*WORK TASK*
Reproduce exactly the line containing "this 1025×683 image." and every line after it, through the last line of the records below; add nothing.

--- INPUT FOR THIS TASK Enclosed Below ---

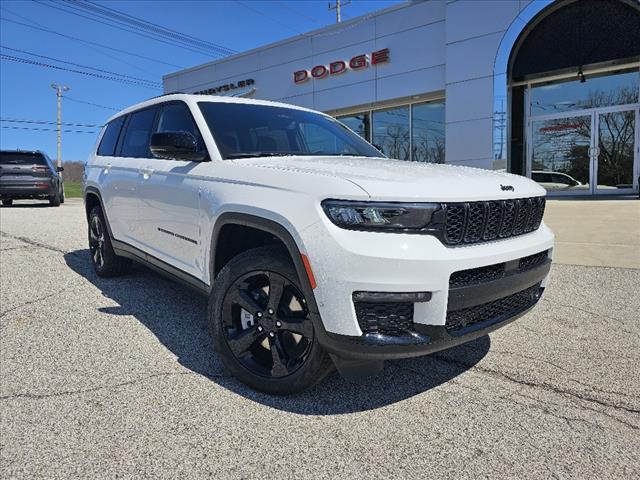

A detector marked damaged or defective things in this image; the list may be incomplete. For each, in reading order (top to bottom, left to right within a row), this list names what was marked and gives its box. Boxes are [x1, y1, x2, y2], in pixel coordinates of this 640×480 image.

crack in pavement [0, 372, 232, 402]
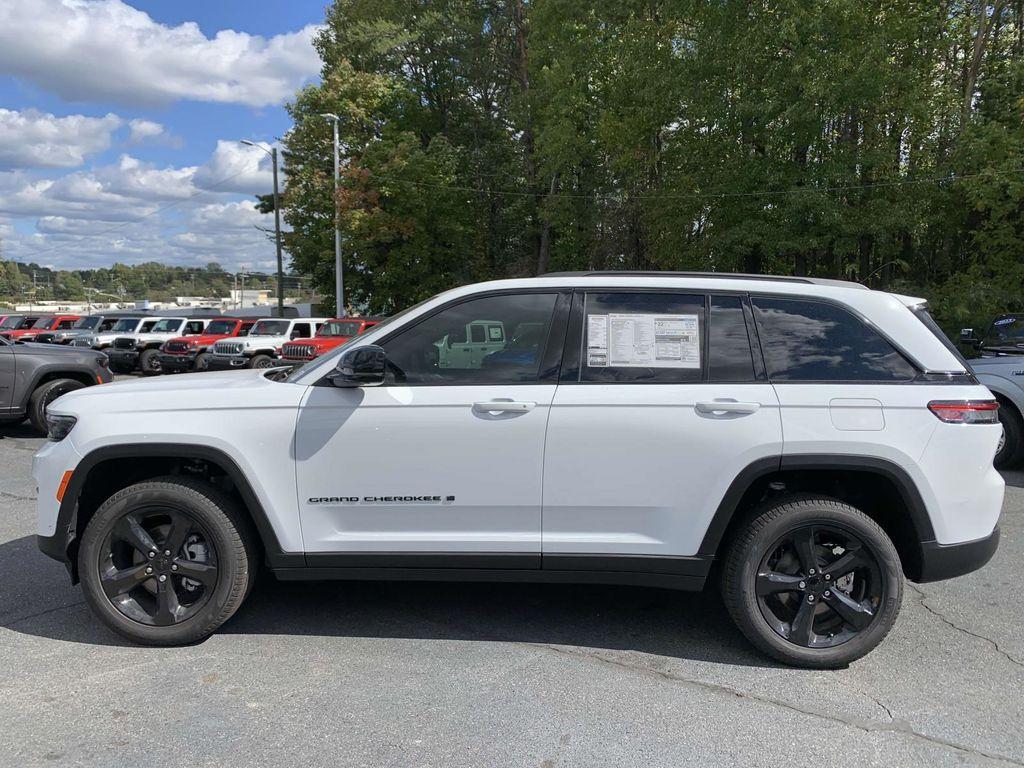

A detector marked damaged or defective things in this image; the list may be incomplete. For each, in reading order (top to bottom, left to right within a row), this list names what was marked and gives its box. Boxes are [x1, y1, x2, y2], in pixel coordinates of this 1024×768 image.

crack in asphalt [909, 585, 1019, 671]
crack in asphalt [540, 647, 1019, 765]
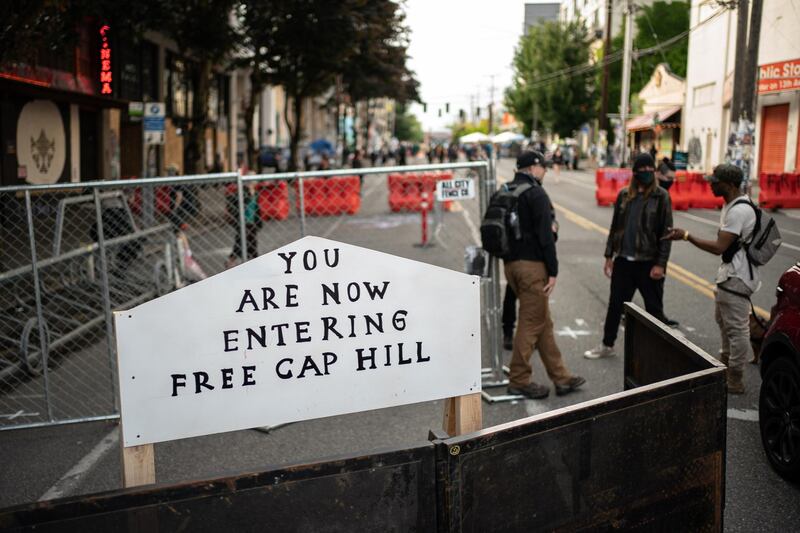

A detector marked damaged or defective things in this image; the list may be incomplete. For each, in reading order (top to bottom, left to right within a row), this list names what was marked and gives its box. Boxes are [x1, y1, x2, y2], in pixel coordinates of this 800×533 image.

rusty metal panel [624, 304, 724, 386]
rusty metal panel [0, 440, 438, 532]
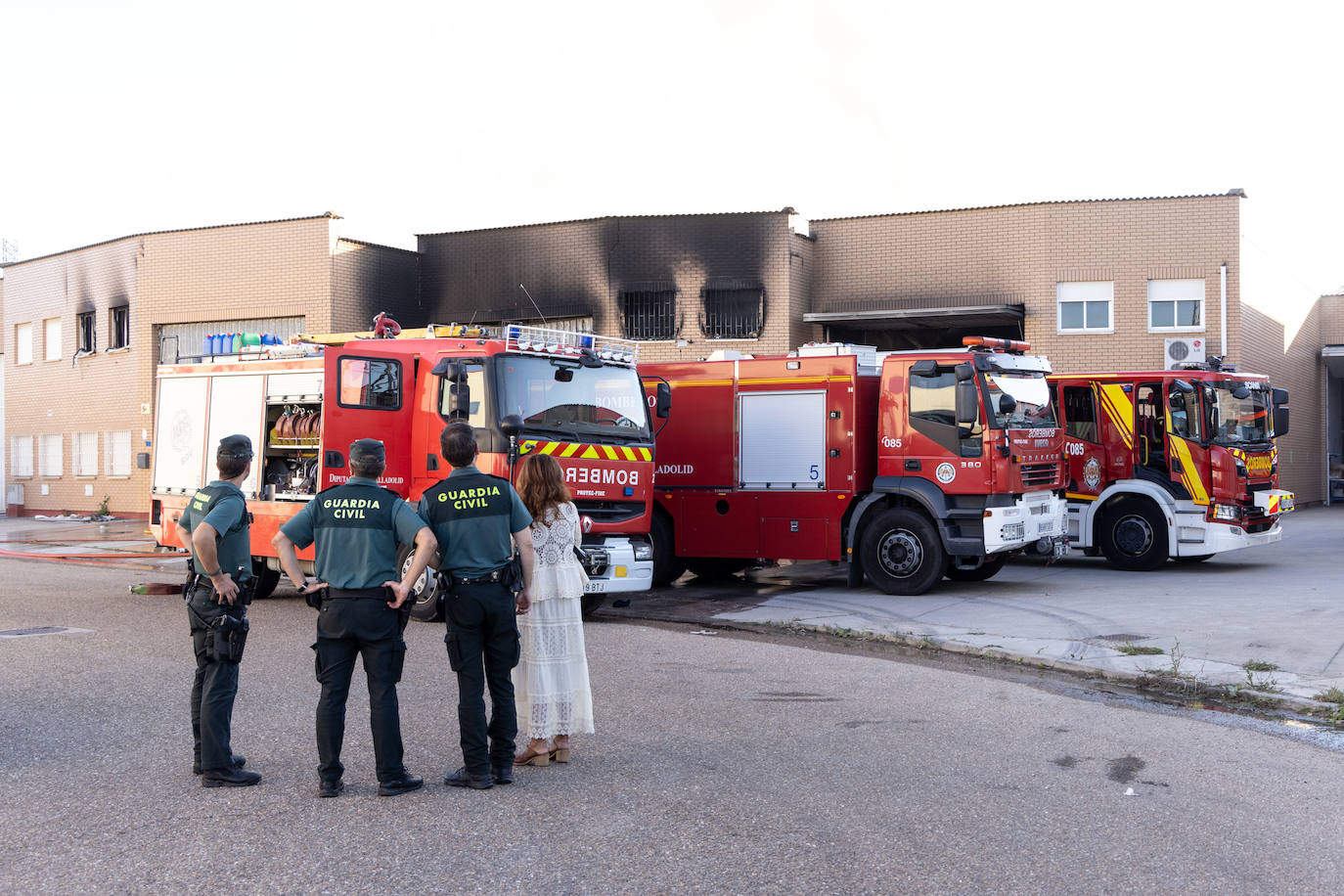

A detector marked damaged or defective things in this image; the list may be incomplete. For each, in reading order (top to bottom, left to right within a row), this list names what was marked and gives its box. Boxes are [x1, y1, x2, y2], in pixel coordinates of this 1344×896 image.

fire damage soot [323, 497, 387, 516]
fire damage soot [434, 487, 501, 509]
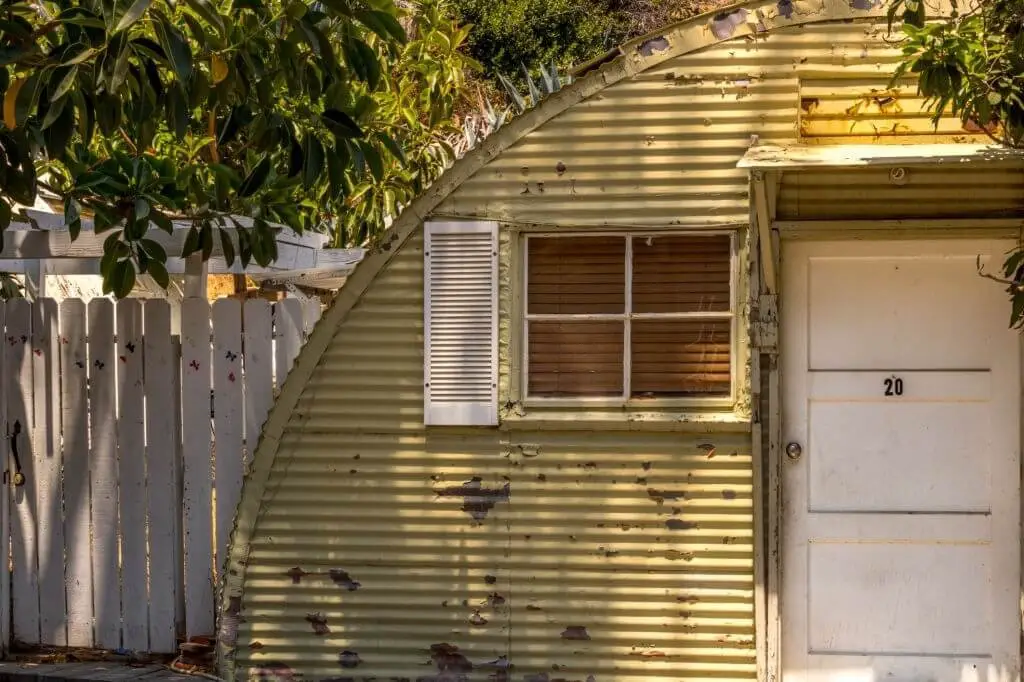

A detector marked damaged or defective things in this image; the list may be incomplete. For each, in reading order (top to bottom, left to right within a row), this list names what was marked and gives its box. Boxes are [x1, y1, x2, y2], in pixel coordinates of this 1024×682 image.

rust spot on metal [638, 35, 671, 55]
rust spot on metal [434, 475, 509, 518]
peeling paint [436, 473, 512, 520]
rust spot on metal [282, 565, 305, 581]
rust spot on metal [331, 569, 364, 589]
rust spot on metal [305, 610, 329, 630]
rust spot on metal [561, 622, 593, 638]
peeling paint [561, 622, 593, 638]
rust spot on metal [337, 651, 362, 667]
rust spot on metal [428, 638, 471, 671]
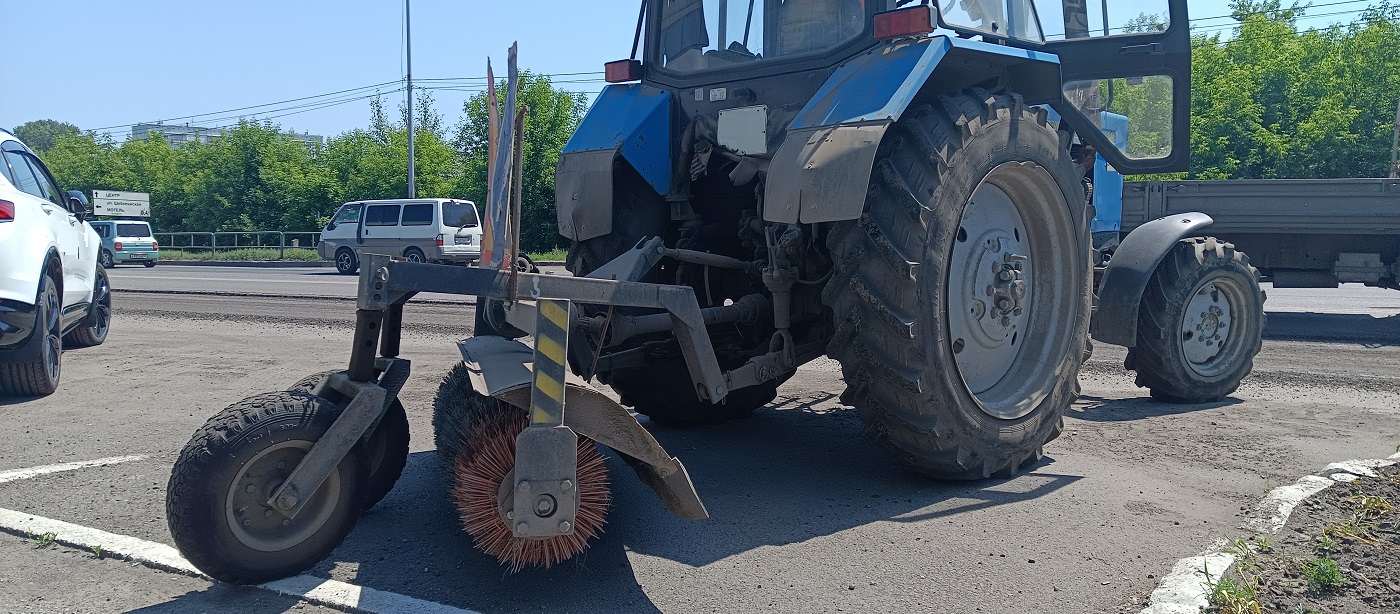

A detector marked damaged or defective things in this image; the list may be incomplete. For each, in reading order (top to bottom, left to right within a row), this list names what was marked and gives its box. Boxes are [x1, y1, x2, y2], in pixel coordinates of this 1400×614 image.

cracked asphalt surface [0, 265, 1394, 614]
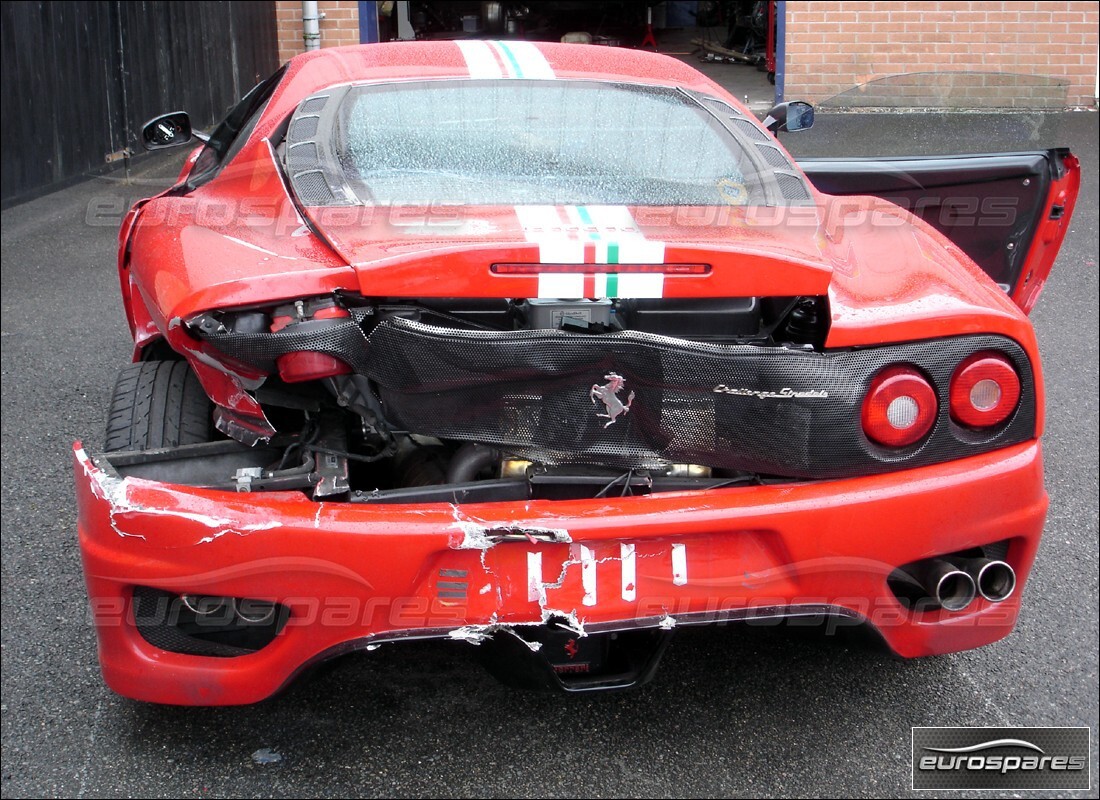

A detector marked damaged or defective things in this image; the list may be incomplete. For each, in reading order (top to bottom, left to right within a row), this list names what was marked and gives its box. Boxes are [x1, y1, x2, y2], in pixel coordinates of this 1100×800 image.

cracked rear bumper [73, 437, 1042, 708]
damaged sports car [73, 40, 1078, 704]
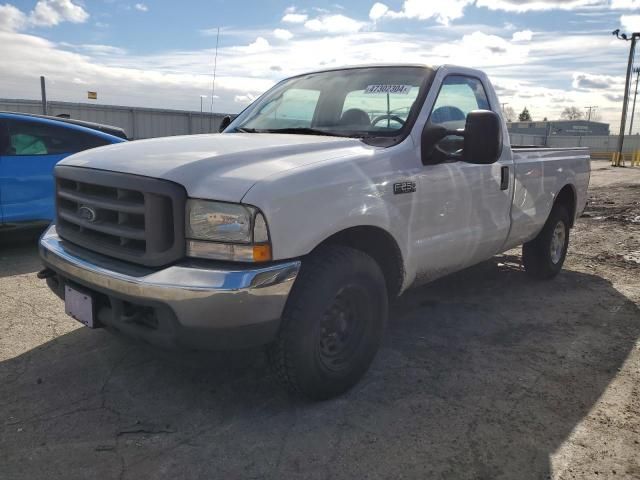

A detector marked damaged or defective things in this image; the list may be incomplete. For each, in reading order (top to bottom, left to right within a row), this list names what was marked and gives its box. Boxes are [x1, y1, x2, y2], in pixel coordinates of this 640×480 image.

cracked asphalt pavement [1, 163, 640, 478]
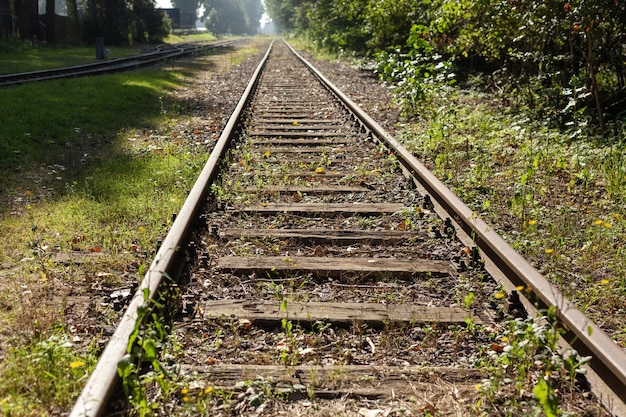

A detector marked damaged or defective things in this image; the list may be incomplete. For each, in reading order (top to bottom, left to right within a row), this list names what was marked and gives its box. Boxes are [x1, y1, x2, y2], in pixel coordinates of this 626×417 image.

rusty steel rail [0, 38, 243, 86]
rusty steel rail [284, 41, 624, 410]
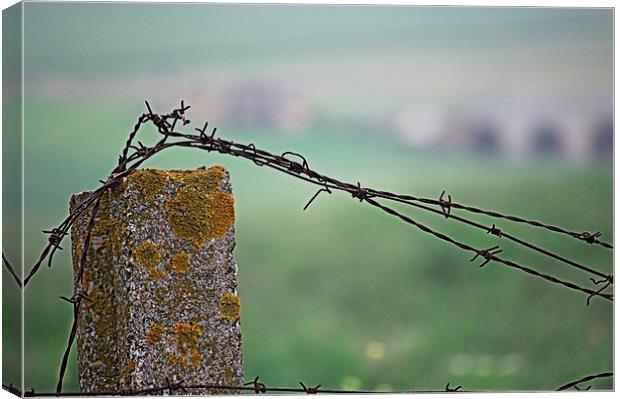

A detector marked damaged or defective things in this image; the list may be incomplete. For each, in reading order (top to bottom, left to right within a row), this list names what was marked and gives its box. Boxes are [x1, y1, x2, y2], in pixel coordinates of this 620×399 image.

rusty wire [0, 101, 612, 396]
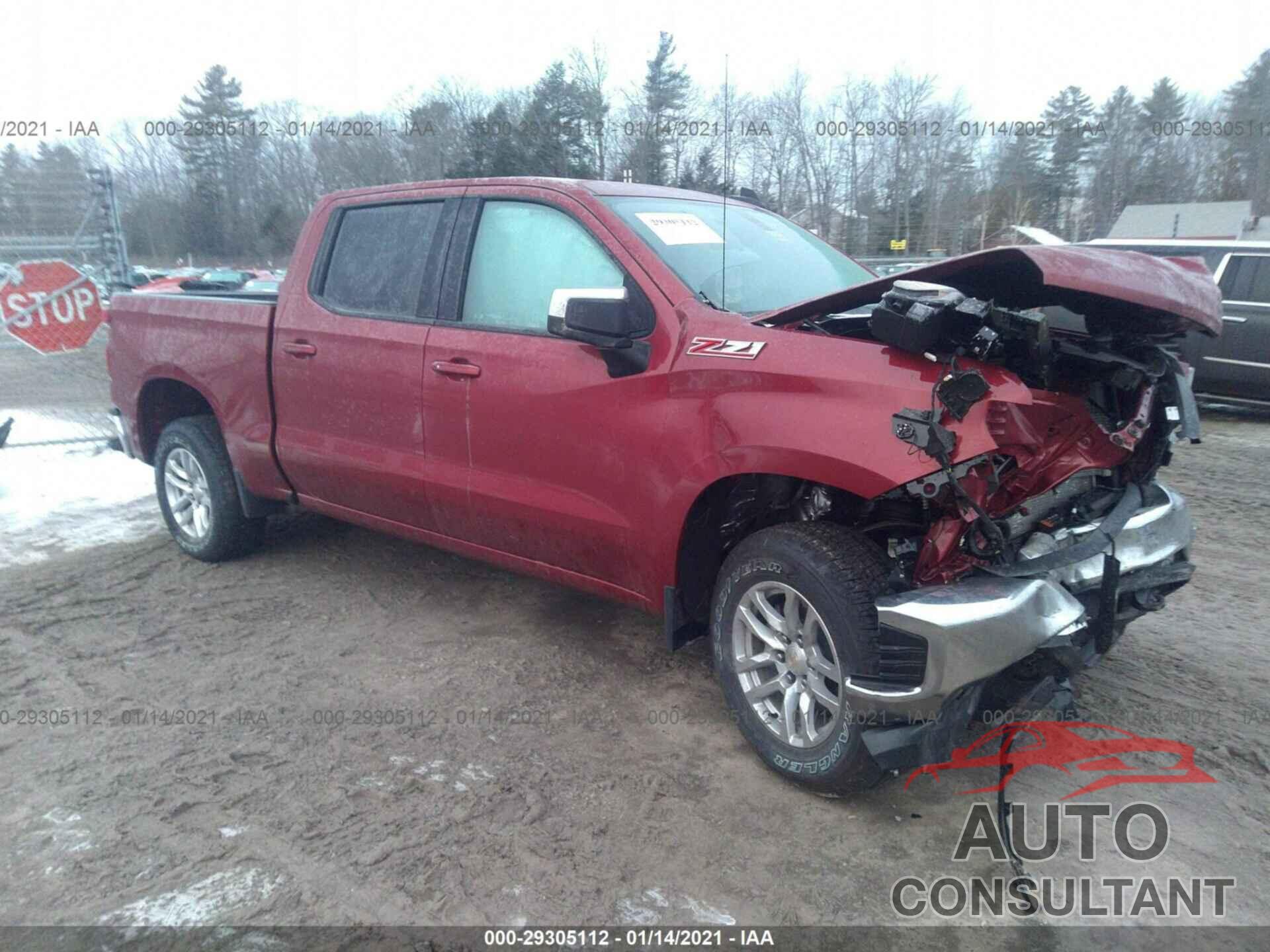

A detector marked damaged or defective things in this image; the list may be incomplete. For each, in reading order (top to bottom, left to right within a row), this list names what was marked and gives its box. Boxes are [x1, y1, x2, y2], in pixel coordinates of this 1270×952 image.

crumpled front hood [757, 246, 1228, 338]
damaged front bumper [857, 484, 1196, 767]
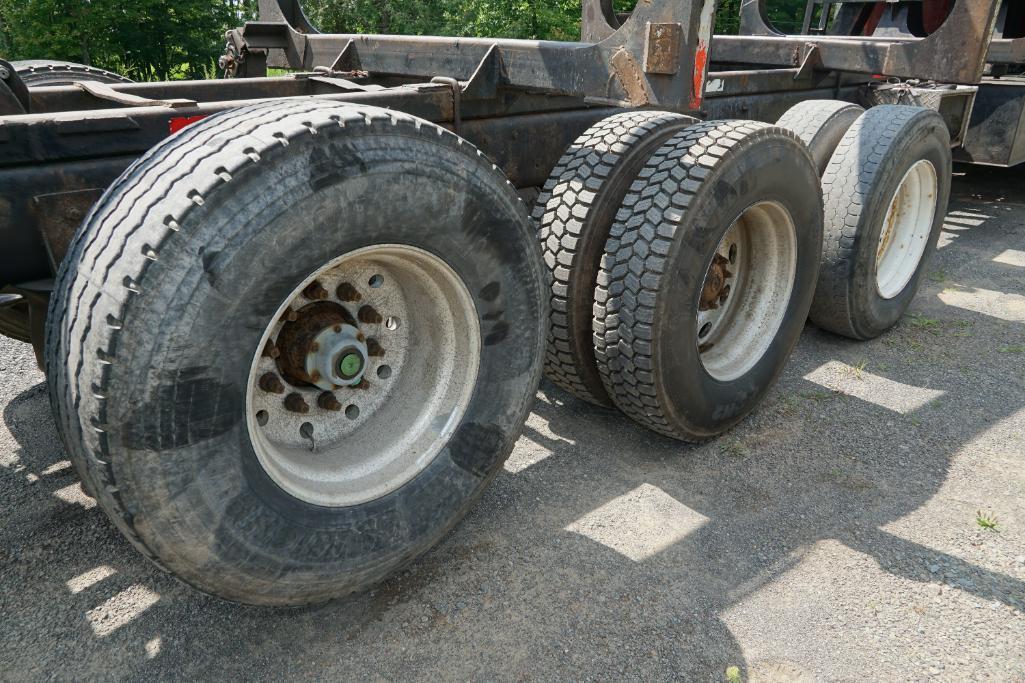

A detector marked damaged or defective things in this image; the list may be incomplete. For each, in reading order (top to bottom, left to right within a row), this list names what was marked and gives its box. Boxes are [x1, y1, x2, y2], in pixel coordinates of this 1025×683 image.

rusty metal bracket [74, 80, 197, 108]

--- End of Enclosed INPUT FOR THIS TASK ---

*RESPONSE*
A detector marked damaged or defective things in this image; the list may be incomplete. For each, in reading order (top to bottom, left to right within a row), this list names what was marked and gives its box. Boxes are [x1, y1, x2, y2], in pixel coordinates of this 1025×683 image.

rusty metal bracket [74, 80, 197, 108]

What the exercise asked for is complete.